Copy, word for word, the opening line of the data and each line after it until the line that contains "No Phone Logo", which is included. Leave the pictures out.

STUDY MATERIAL Block Start

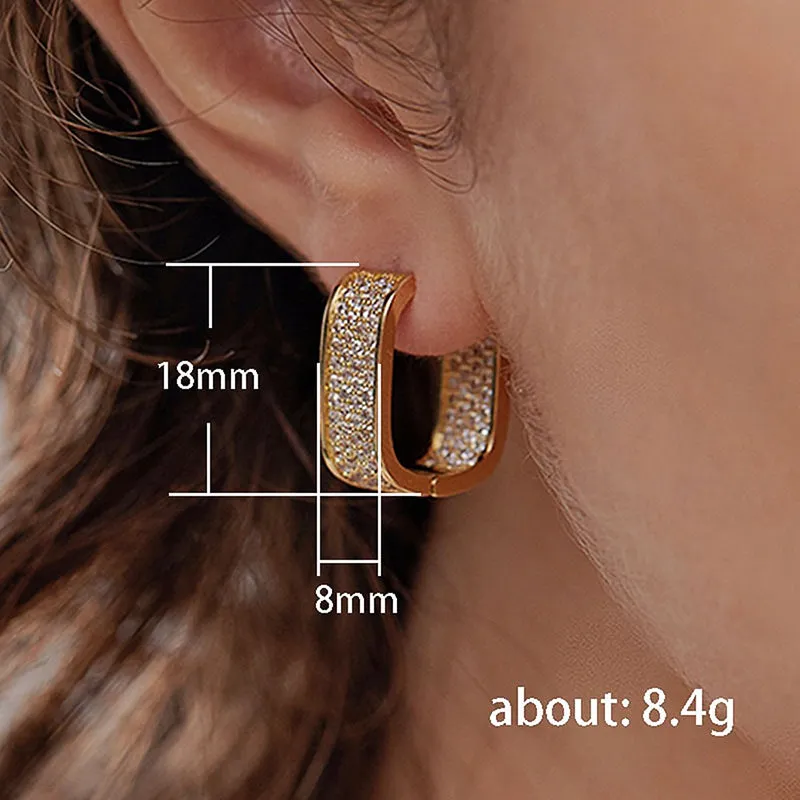 Women's Elegant Cubic Zircon Inlaid Hoop Earrings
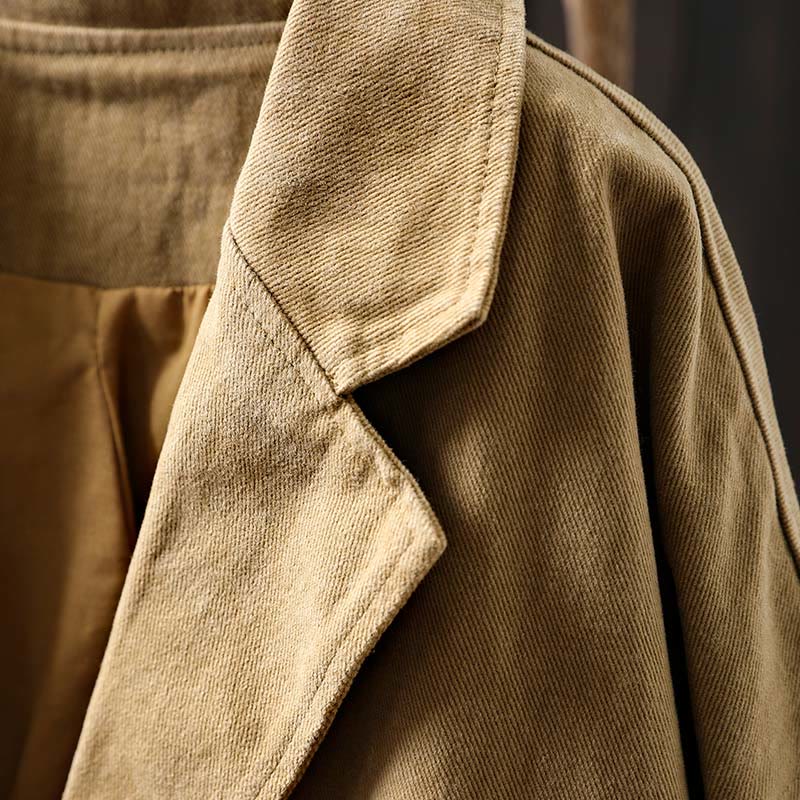 Chaqueta de mujer de manga larga, media, con bolsillos, botones, cuello de solapa y estampado de Buddha Stones para primavera y otoño. - image 5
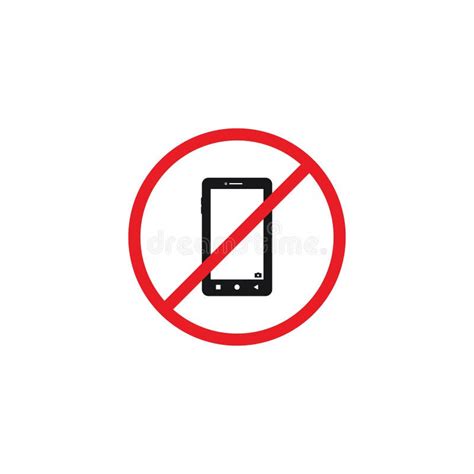 No Phone Logo Template Cellphone Use Prohibition Icon Vector Silent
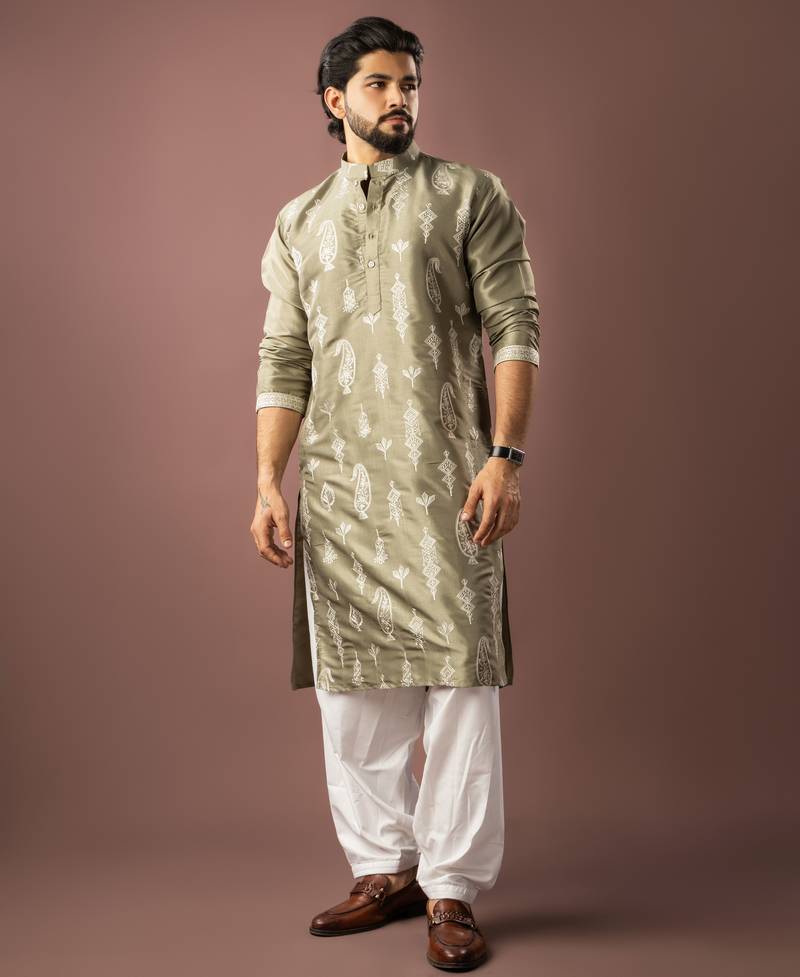 Olive green color smart embroidered kurta for men's ceremonial looks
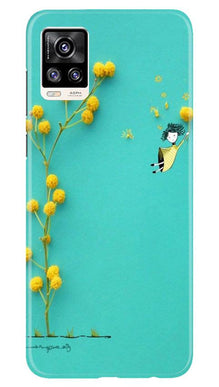 Flowers Girl Mobile Back Case for Vivo V20 (Design - 216)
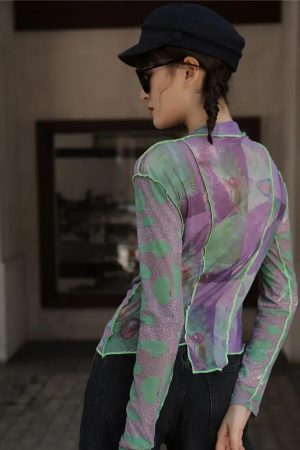 Quick Outfits, Modest Fashion Outfits Ideas Patchwork Asymmetric Mesh Top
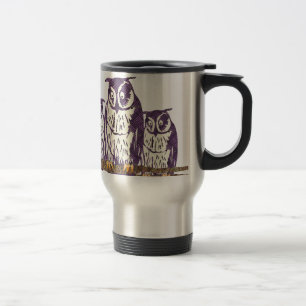 Taza De Viaje Familia de búhos geométricos con estilo morado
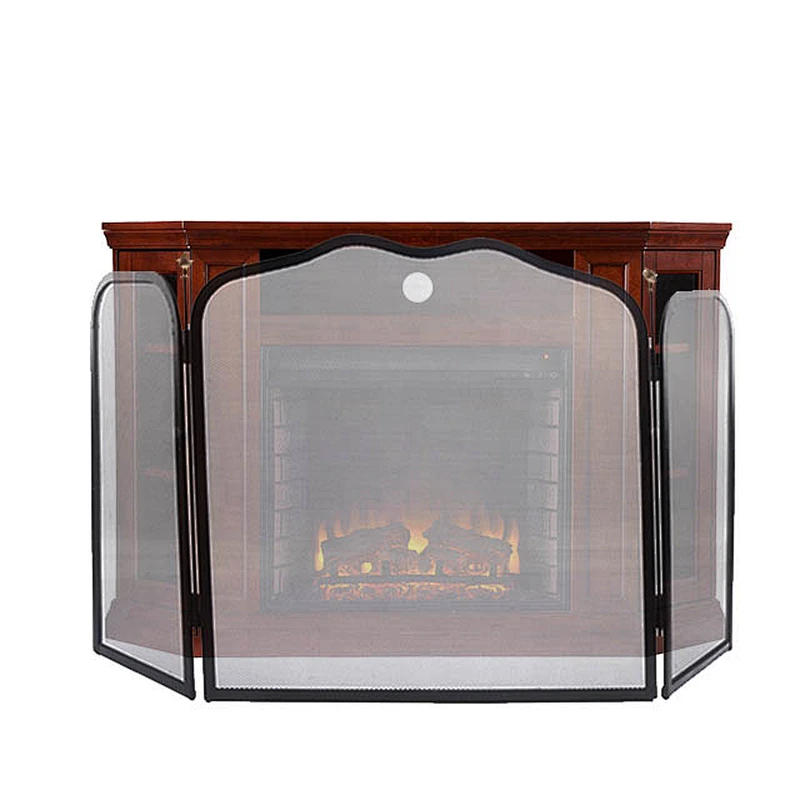 Wholesale Home And Garden Simple Design Black Metal Thick Mesh Fireplace Safety Screen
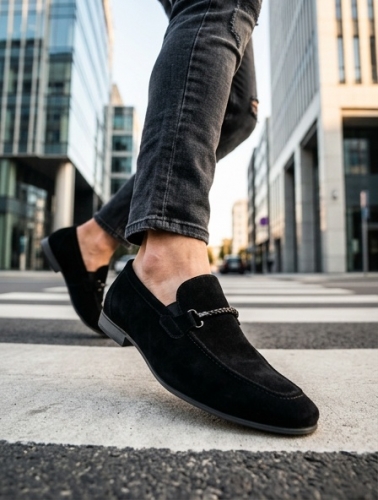 Loafers (Лофери) замш М чорний шкіра D778N-102-18 Cosottinni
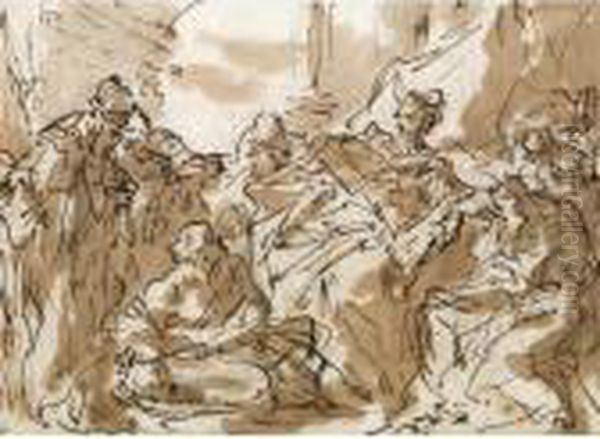 Queen Thomyris, Having Defeated 
King Cyrus, Orders That His Head Be Thrown In A Vessel Full Of Human 
Blood Oil Painting by Sebastiano Ricci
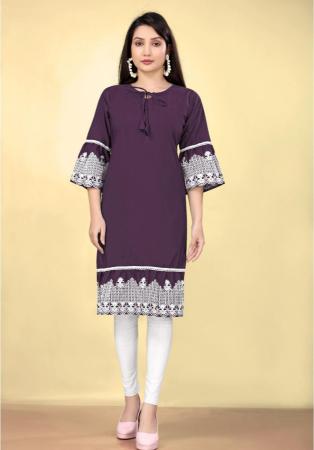 Picture of Nice Cotton Purple Kurtis & Tunic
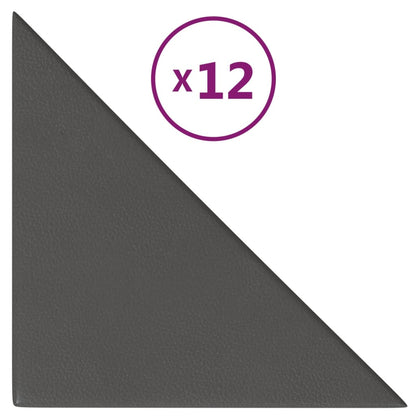 Wandpanelen 0,54 M² Kunstleer Grijs 30 x 30 cm Driehoekig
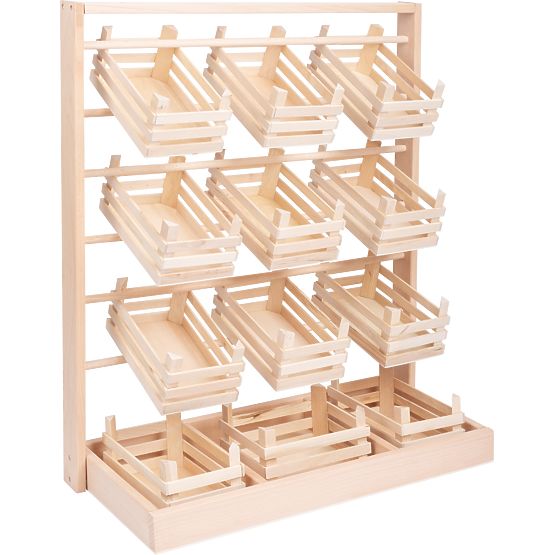small foot Stand de vente en bois avec caisses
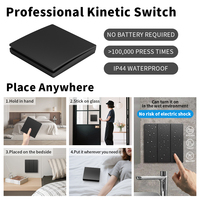 Juego de control dual de un canal de autoalimentación, interruptor impermeable RF433, interruptor cinético inalámbrico para luz/hogar inteligente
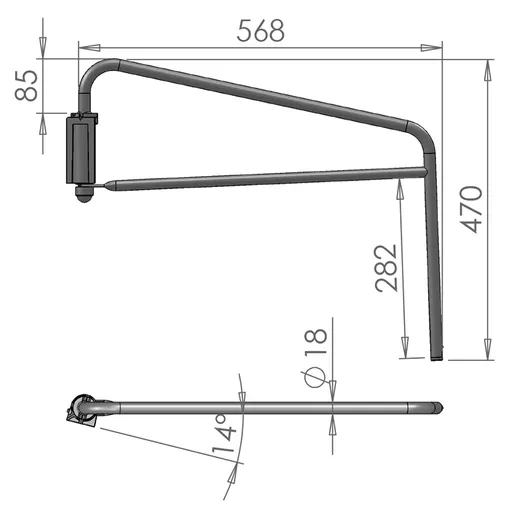 Mirror Arms 18mm RHD/LHD Both Sides 18mm Ø  Man NonHTD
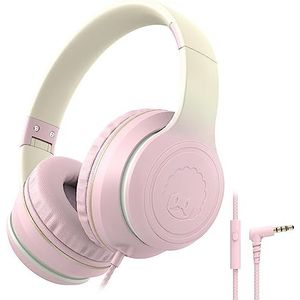 RockPapa L22 Kinderhoofdtelefoon, kabelhoofdtelefoon voor kinderen, 3,5 mm jack, opvouwbare, verstelbare hoofdband met microfoon, over-ear hoofdtelefoon voor school, reizen, jongens, meisjes, Roze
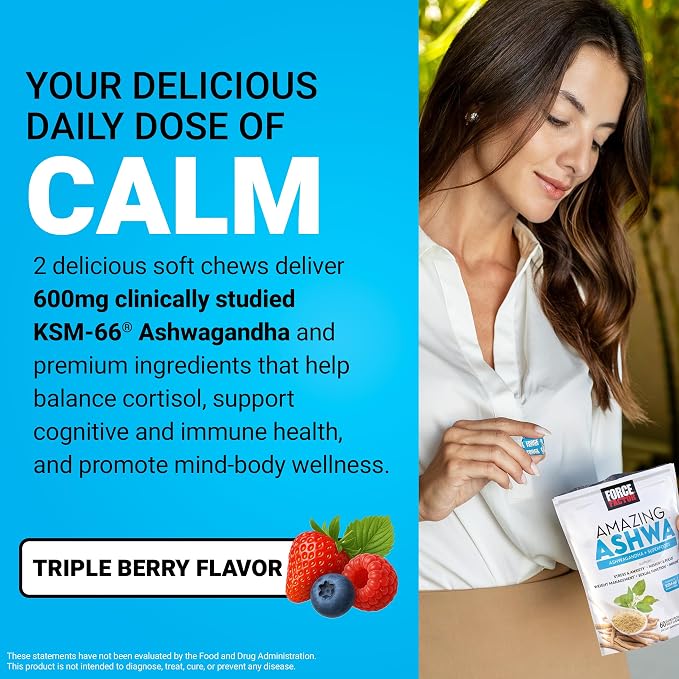 Force Factor Amazing Ashwa Supplement, 180 Soft Chews | Stress Relief, Memory & Focus Support, Immune Support, KSM-66 Ashwagandha
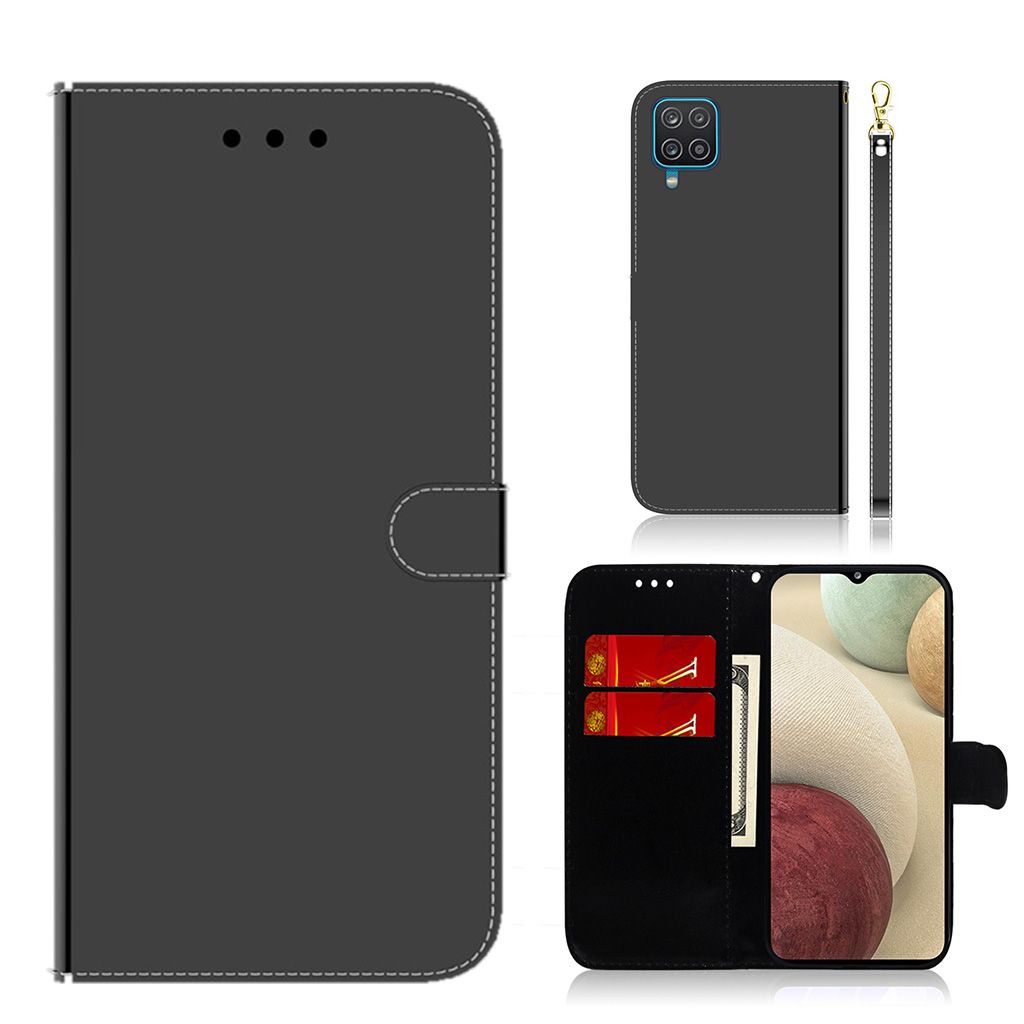 Mirror Samsung Galaxy A12 5G flip case - Black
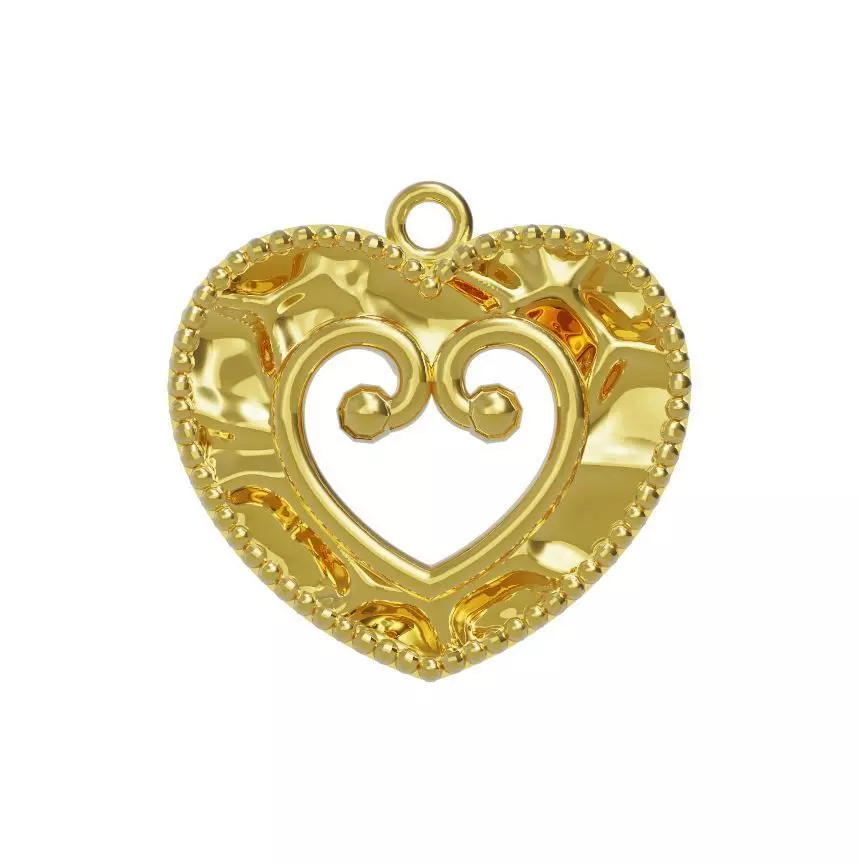 Heart Coin Necklace 3D print model_0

STUDY MATERIAL Block End

:: RESULT ::
 Women's Elegant Cubic Zircon Inlaid Hoop Earrings
 Chaqueta de mujer de manga larga, media, con bolsillos, botones, cuello de solapa y estampado de Buddha Stones para primavera y otoño. - image 5
 No Phone Logo Template Cellphone Use Prohibition Icon Vector Silent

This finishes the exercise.